ところがアメリカの大統領制は、日本の閣議のような手続がいらない・・各行政部門のトップは大統領の部下・・企業の部長みたいな扱いで社長は直截なんでも出来る企業のようなシステムに見えます。
大統領令を無効化するにはもう一度大統領令に反対の法案を可決すれば,後から出来た法が有効になりますが,大統領署名には順次の内部手続すらいらないとすれば、その10〜30分もあれば次の署名が出来るので効力否定競争では大統領の方が格段に有利です。
司法によるチェック・・憲法違反の無効判決を仮に得ても、直後にちょっと変えてまた施行すれば、次の最高裁判決が出るまでの期間は有効です。
国内政治の争点は憲法問題は滅多にない・・ちょっとしたことでしょっ中法律が出来ているので(憲法違反になるような政治案件は少ないので,)大方は大統領令を後出しされたらおしまいです。
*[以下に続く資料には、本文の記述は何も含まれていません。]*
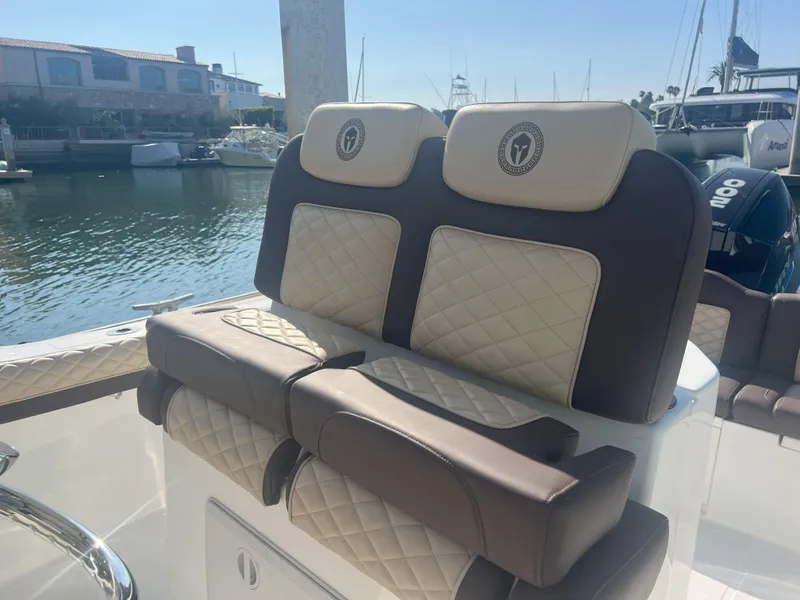 Slide: The Image of Luxurious seating on a 2026 Reflex Gladiator 2400 boat, featuring diamond-stitched upholstery. - 22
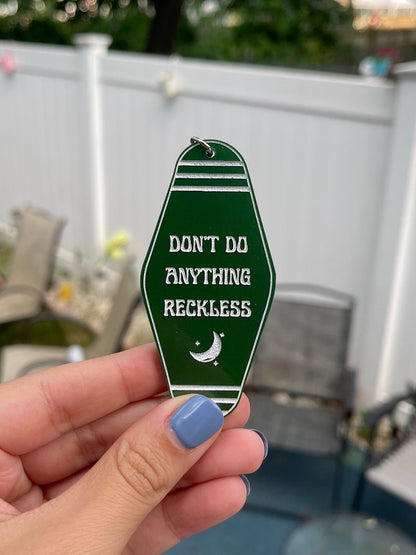 Dark green Twilight Saga inspired motel keychain with white engravings of a crescent moon and the quote "don't do anything reckless"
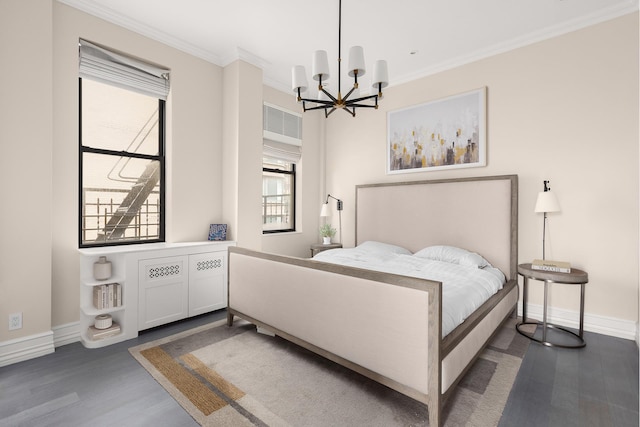 bedroom featuring wood finished floors, a chandelier, baseboards, and ornamental molding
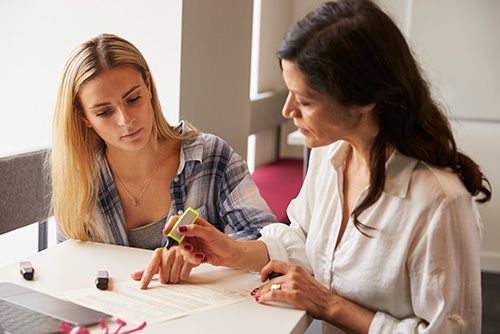 Mother and daughter reviewing college funding documents in June 2025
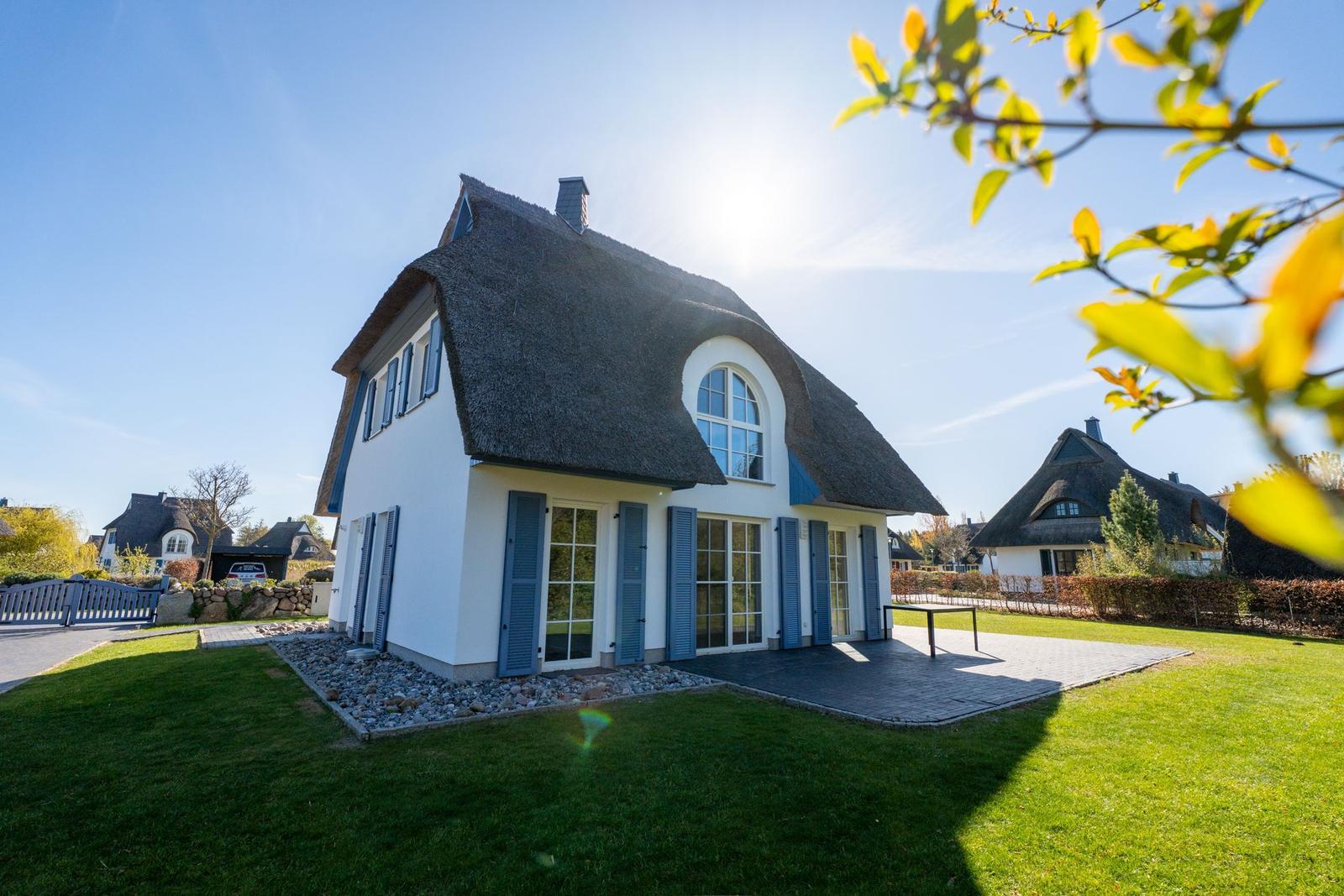 Ein weißes Haus mit strohgedecktem Dach und blauen Fensterläden steht auf einer grünen Wiese.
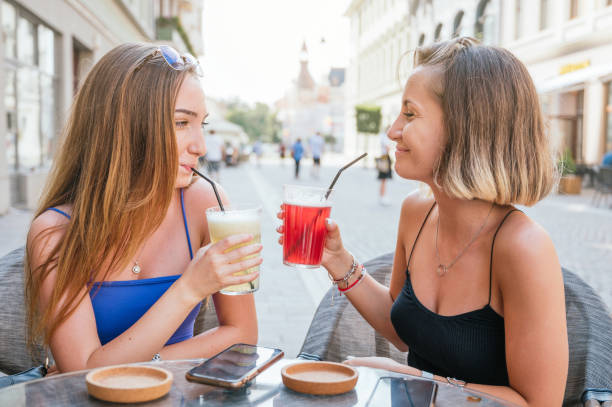 istock Two female friends laughing, drinking lemonade and having fun in a restaurant 1263229061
例えば税率を何%にするか,産業振興のための◯◯法など新たな分野でこれを刑事処罰の対象にするか、ある種の犯罪の刑を何年にするかなどの意見相違で法律が議会を通過した場合、憲法違反をテーマにするのは難しいのが普通です。
結果的に大統領の意見に反した法律を審議会を経て何年もかけて議会で通しても・直後に懲役何年・税率何%(消費税適用除外品目など)と言う大統領令を出されたら直ぐ変更になってしまうのでは,議員が地元民の意向を吸い上げ,議会で何年も議論した意味がなくなります。
これでは議会と大統領の関係は対等どころか圧倒的に大統領有利・・殆ど専制支配と変わりません。
実際にはこう言う泥仕合は起こらなかったのは・・国民の支持が少ない大統領令を濫発すると次の選挙で落選するし、明白な憲法違反を繰り返すと革命騒動が起きるでしょうから,歴代大統領が自制して来たので大きな問題が起きないまま現在に来たと思われます。
この結果、せいぜい反発の少ない少数民族・・戦時中の日系人だけ、(ドイツ系民は何千万人もいるので出来なかった?)今回はアラブ人だけを標的にしているように,少数者迫害向けの大統領令が多くなる傾向があります。
今回もマスコミが支持率の多少を気にしているのは,法律論・・人権保障よりは、「多数の支持さえあれば良い」と言う実際的効果の重要性を意識しているからです。
支持率の多さだけを基準に少数民族に対して何をしても良いと言うのでは,(実際今回の入国制限で最も被害を受けるアラブ系米国人が反対運動さえ出来ていない弱さをみれば・・)ナチスのユダヤ人迫害とどのように違うのかの基準が見えません。
戦時中の日系人迫害に対して日系人は反対運動することが出来ませんでしたし,数年前にはトヨタ標的の言いがかり的騒動でも「でっち上げ」と言う反論さえ許さない雰囲気でした。
古くはハンマーで日本製品をぶちこわす・・ナチスバリにいつもスケープゴートを作り上げては、マスコミ挙げて興奮する・・巨額課徴金を徴収するなどの繰り返しでした。
専制君主以上の権限を持つ大統領制と民主主義の関係を日本が危惧しても意味がない・・ソモソモ全人類破滅に追い込む核のボタンすらも,彼・大統領一人の判断で出来る制度設計からすれば専制的権力を持っていても驚くにあたらないかも知れません。
「民意に基づく政治4(大統領制と議院内閣制3)」その他で民主主義のランク付けでJuly 16, 2013「議院内閣制に比べて大統領制は民度が一段遅れた社会向け・・専制支配権力行使を前提に任期と選任手続が担保されるようになった違いだけ」と言う意見を連載して来ましたが,大統領令にその制度的担保が残されていたことになります。